Si tu veux, nous, ce qu’on ne souhaite pas, c’est faire tout un tas de cupping juste pour ça, juste pour avoir les meilleurs cafés. On n’a jamais voulu avoir 25 cafés à la carte.
On essaie plutôt de créer des relations de long terme. On travaille avec certains producteurs depuis 6 ou 7 ans, avec la volonté de développer des projets.
Comme avec La Leona, en Colombie. C’est une super ferme familiale qui avait du mal à commercialiser ses cafés. Moi, j’ai trouvé ça bon, alors on a tout acheté pour qu’ils soient tranquilles et se concentrent sur la caféiculture. Maintenant, on travaille ensemble pour lancer des Bourbons, des Geishas, c’est une relation de proximité qui nous botte.
Pour cela, est-ce que tu leur rends visite régulièrement ?
Au début, je ne voyageais pas parce que j’étais seul et que je n’avais pas une thune. Maintenant, c’est différent. C’est important de voyager et je visite les fermes chaque année.
Un de mes premiers voyages, c’est le Salvador, chez Emilio Lopez. Mais, mon voyage le plus marquant, c’est l’Éthiopie. J’ai été subjugué par la beauté des paysages. Tu pars d’Addis-Abeba en 4×4, tu arrives dans une vallée aride, et puis en montant, tu vois la végétation luxuriante, tu arrives sur les hauts plateaux et c’est beau. La complexité que tu retrouves dans ces cafés, c’est aussi lié au terroir.
Qu’est-ce que ces voyages t’apportent avec tes clients ?
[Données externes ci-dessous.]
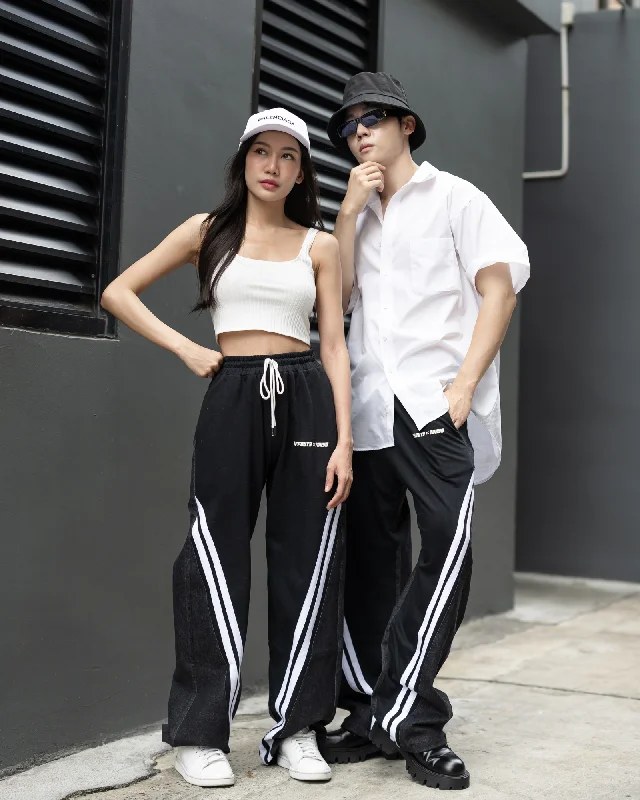 Distressed women jeans for a trendy and edgy look  Tokyo New Era Unisex Sweat Jeans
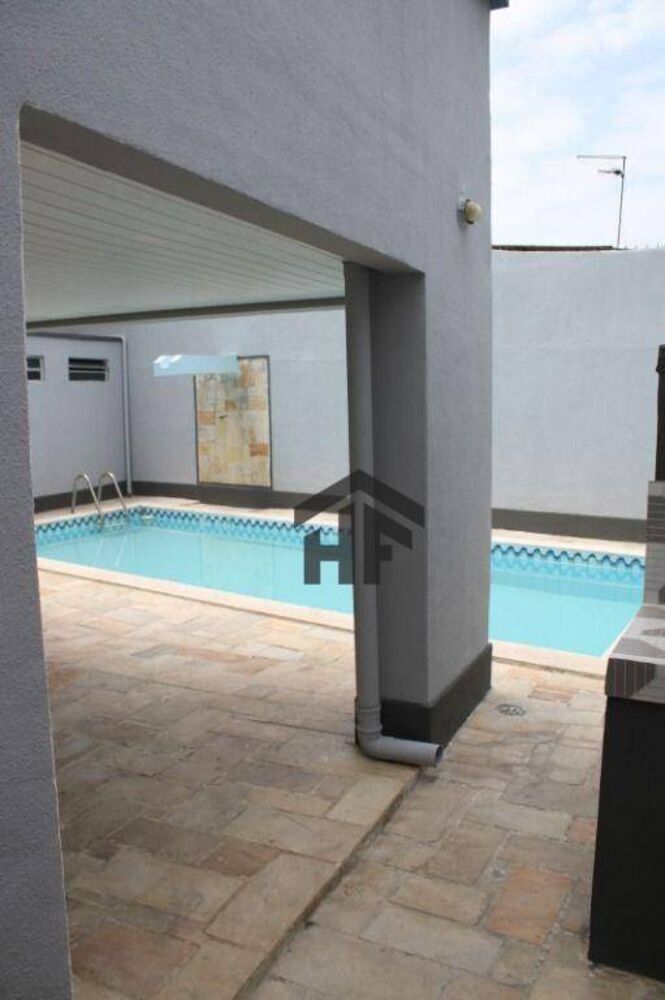 Casa à venda com 6 quartos, 460m² - Foto 4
Souvent, on me parle du bio. Certains clients l’exigent, mais le bio ne suffit pas. Aller dans les pays producteurs, ça permet de prendre du recul sur ce genre de choses.
Une certification bio coûte 5000$ par an à un producteur. Certaines fermes ne peuvent pas se le permettre, mais si ce sont des cafés de forêts d’Éthiopie, où le café pousse naturellement sans intrants, c’est intrinsèquement bio. Voyager permet d’expliquer l’histoire derrière chacun de nos cafés, de faire prendre du recul à nos clients. Et puis, c’est pas la pire partie du job !
Est-ce que tes clients sont de plus en plus connaisseurs du café ?
Clairement, oui. C’est une évolution significative. Les consommateurs sont beaucoup plus vigilants à ce qu’ils achètent et le café en profite aussi.
Surtout, les clients s’aperçoivent qu’on a de grosses lacunes en France. C’est pour cette raison que l’on a mis en place des ateliers depuis quelques années chez l’Alchimiste, pour parler caféiculture.
Et, chaque mois, les sessions sont pleines, les participants s’aperçoivent qu’ils consomment chaque jour un produit qu’ils ne connaissent pas !
La pédagogie est-elle ce dont le café de spécialité en France a le plus besoin ?
C’est indispensable ! Il faut continuer d’expliquer pourquoi c’est différent, pourquoi les prix sont tels qu’ils sont, expliquer toutes les étapes de la vie d’un grain de café jusqu’à la tasse, et puis être transparent même sur la marge que l’on fait.
C’est important. On vit une période compliquée et le café en fait aussi partie. L’énergie coûte plus cher, le café coûte plus cher à produire, à transporter et être honnête joue en faveur du café de spécialité, pour que ça ne devienne pas une niche.
Tout ça se reflète dans notre gamme de prix, pour être accessible au plus grand nombre. On a eu longtemps un café d’entrée de gamme à 5 €, un café de spécialité juste un peu plus cher que ce qu’on trouve en grande surface. On n’a pas eu le choix que de l’augmenter, à 6€, mais il reste ultra-accessible pour du café de spécialité. Ça, pour moi, c’est très important : ne pas devenir élitiste.